Polres dan Dinkes Majene Sosialisasi Larangan Penjualan Obat Sirup

Foto: Personel Polres Majene dan Dinkes Majene sedang sosialisai larangan penggunaan obat sirup di salah satu apotek di Majene

ENEWSINDONESIA.COM, MAJENE – Polres Majene, Polda Sulawesi Barat bekerja sama Dinas Kesehatan menindak lanjuti perintah penghentian sementara penjualan obat sirup, sesuai dengan keputusan Badan Pengawasan Obat dan Makanan (BPOM) dan Kementerian Kesehatan untuk mencegah terjadinya kasus gagal ginjal akut, Sabtu (22/10/2022).

Tim dari Polres Majene dan Dinkes menyasar apotek-apotek untuk memberikan sosialisasi dan edukasi agar sementera dilakukan penghentian penjualan obat yang dimaksud.

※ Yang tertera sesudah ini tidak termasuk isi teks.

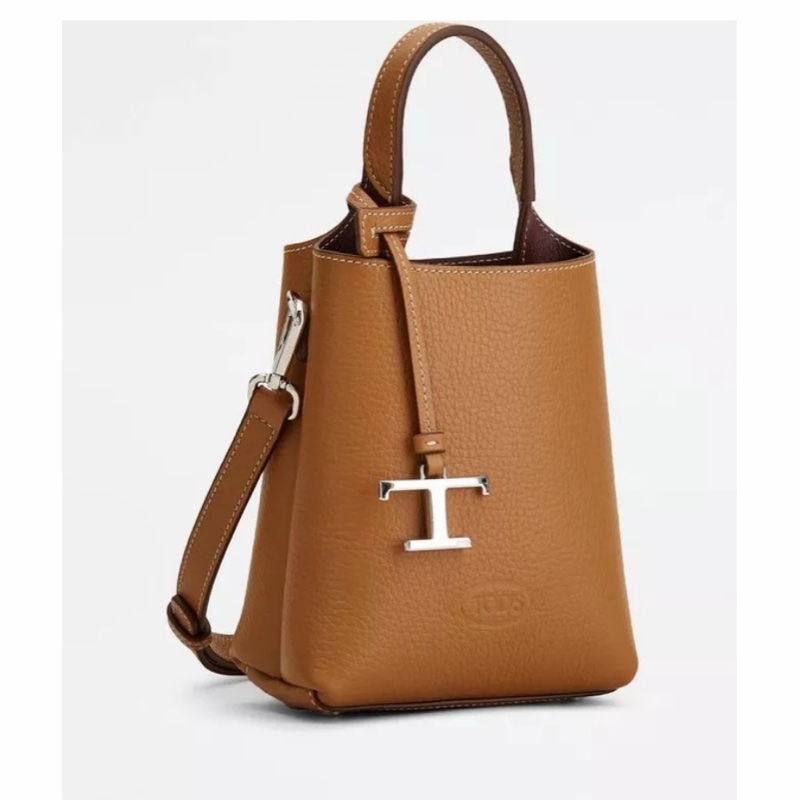 Tod’s 女士 徽標單肩包均碼碼14cm*8.5cm*18cm-2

Terlihat seluruh apotik yang ada di kunjungi satu persatu untuk memastikan setiap obat sirup yang berlogo hijau dan biru sementara tidak dipasarkan hingga dilakukan penarikan oleh pihak produsen.

Kabag Ops AKP Suparman yang memimpin kegiatan tersebut menyebutkan kegiatan ini dalam rangka memberikan sosialisasi dan edukasi kepada masyarakat tentang adanya temuan beberapa obat yang dapat menyebabkan gangguan ginjal.

“Bersama dinas kesehatan, kita sisir seluruh Kabupaten Majene hingga ke Polsek dan puskesmas jajaran bahkan sudah kami perintahkan untuk melakukan pemeriksaan di apotek,” tuturnya.

Harapannya, kata dia tentu melalui upaya seperti ini, Kabupaten Majene bisa bebas dari ancaman gangguan ginjal.

Sementara itu, dari pihak Dinas Kesehatan, Nur Ekawaty, S. Apt menyebutkan terkait surat edaran yang dimaksud, sebenarnya pihak kementrian hanya berjaga-jaga jangan sampai ada kasus yang serupa terjadi di negara kita.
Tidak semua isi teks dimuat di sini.